— Work instructions —
Restate word for word the lines below from the one that has "Modway EEI-7584 Caleb" through the one that has "Deaven - 4 Door Buffet - Toasted Brown", keeping both and dropping all pictures.

— Extracted information —
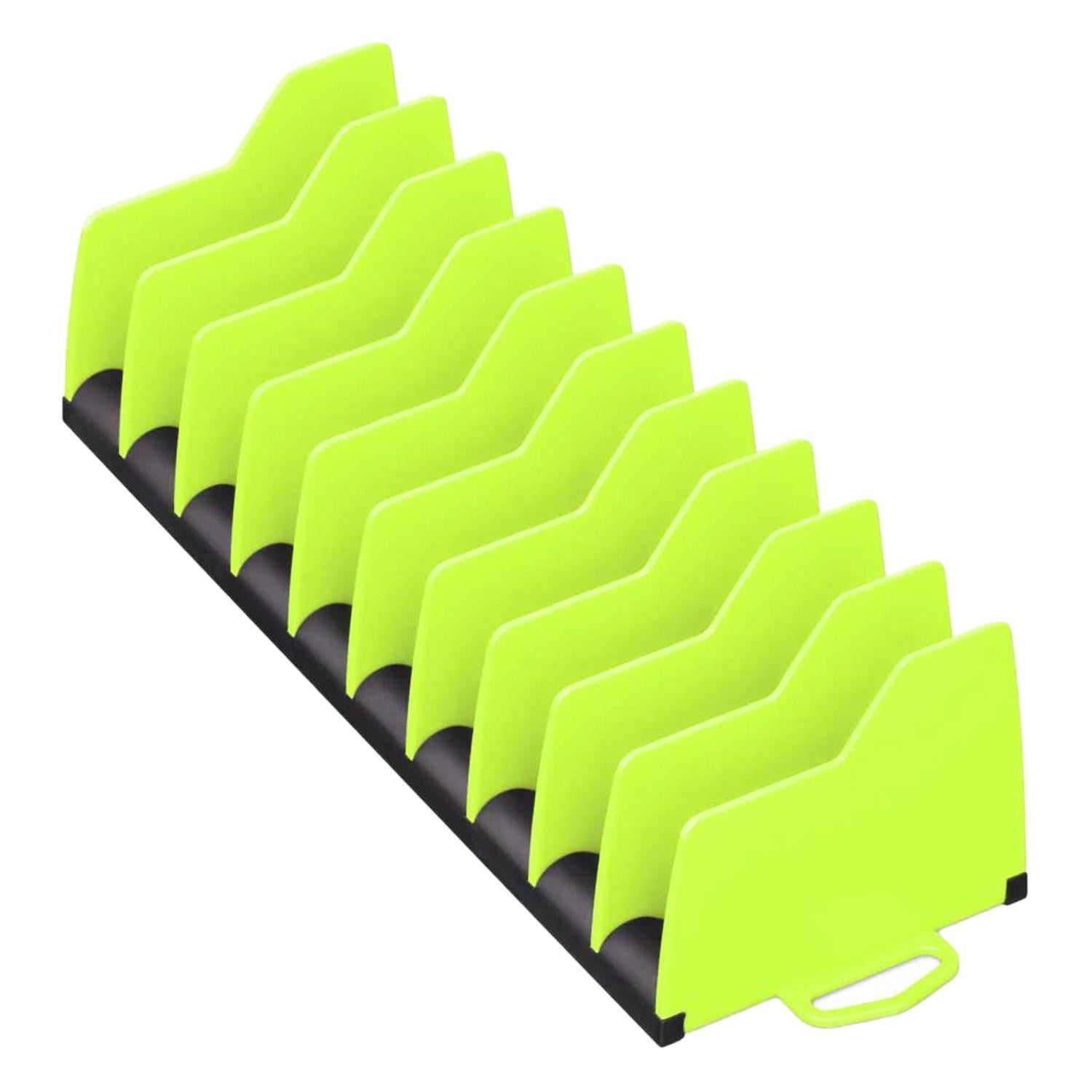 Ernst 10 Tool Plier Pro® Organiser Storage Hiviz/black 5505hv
...
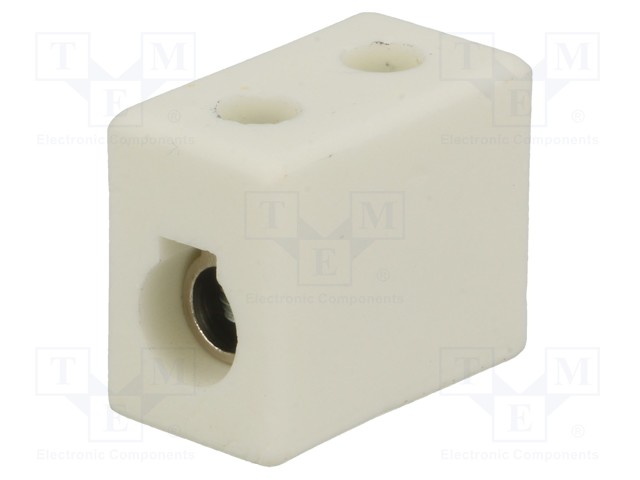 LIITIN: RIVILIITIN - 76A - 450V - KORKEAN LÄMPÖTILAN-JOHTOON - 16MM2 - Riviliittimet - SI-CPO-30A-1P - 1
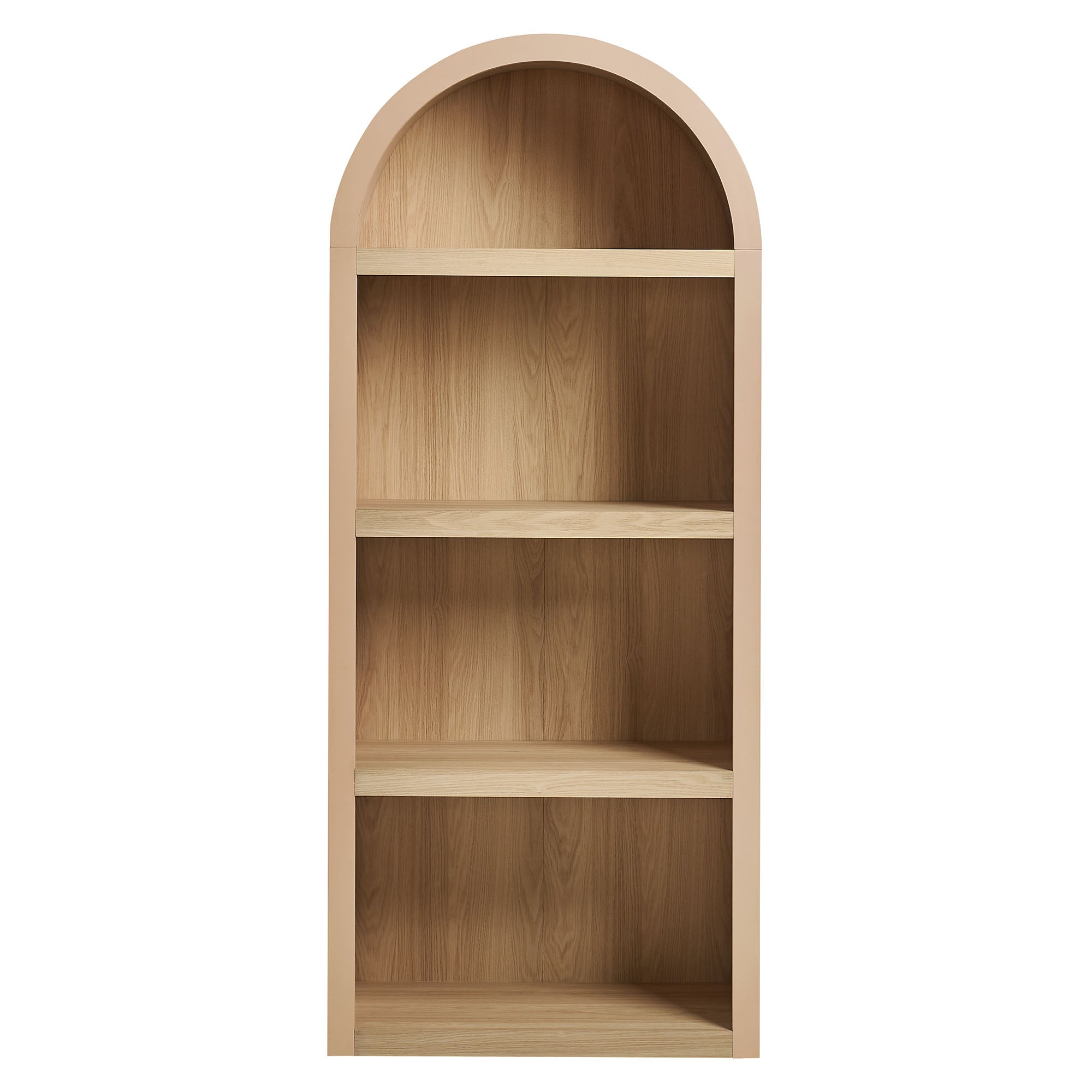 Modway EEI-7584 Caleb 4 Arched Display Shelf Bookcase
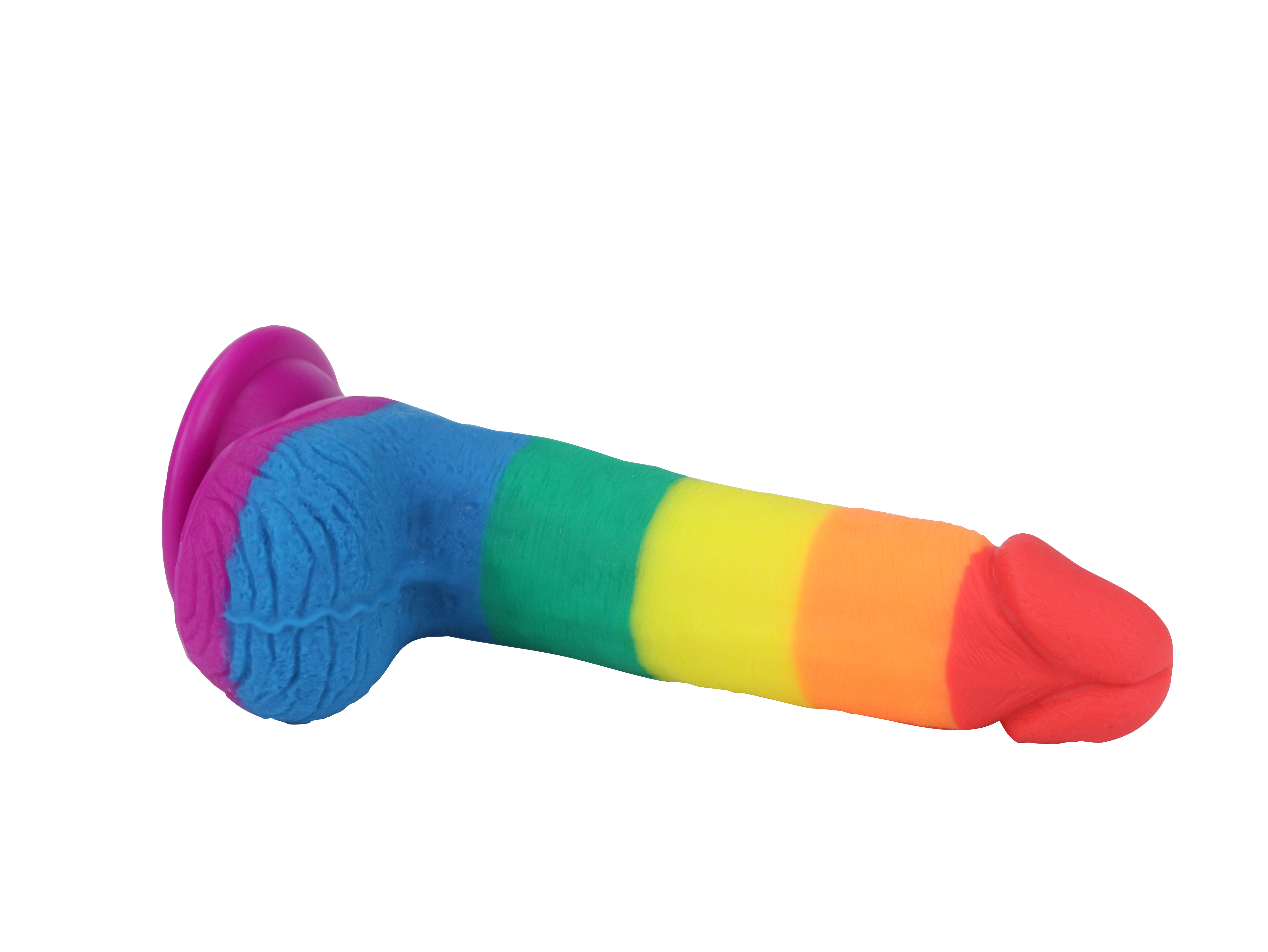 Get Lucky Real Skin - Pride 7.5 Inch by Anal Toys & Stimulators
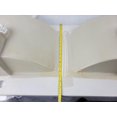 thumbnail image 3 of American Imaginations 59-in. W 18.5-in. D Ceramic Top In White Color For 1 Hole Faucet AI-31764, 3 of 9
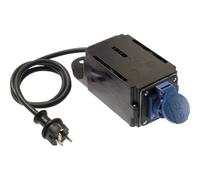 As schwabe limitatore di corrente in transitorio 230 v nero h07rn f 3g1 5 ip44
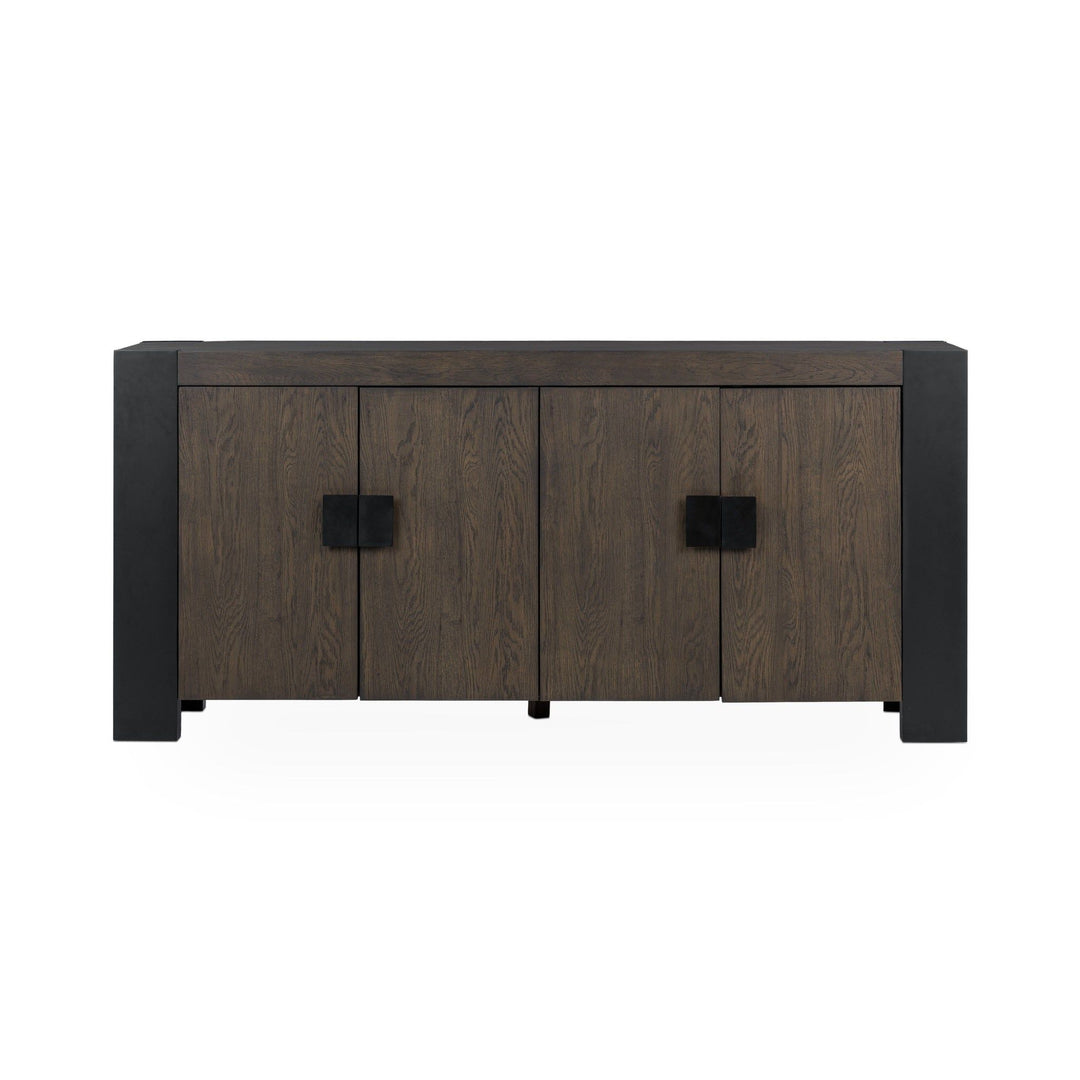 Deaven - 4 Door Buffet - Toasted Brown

— Response —
 Modway EEI-7584 Caleb 4 Arched Display Shelf Bookcase
 Get Lucky Real Skin - Pride 7.5 Inch by Anal Toys & Stimulators
 thumbnail image 3 of American Imaginations 59-in. W 18.5-in. D Ceramic Top In White Color For 1 Hole Faucet AI-31764, 3 of 9
 As schwabe limitatore di corrente in transitorio 230 v nero h07rn f 3g1 5 ip44
 Deaven - 4 Door Buffet - Toasted Brown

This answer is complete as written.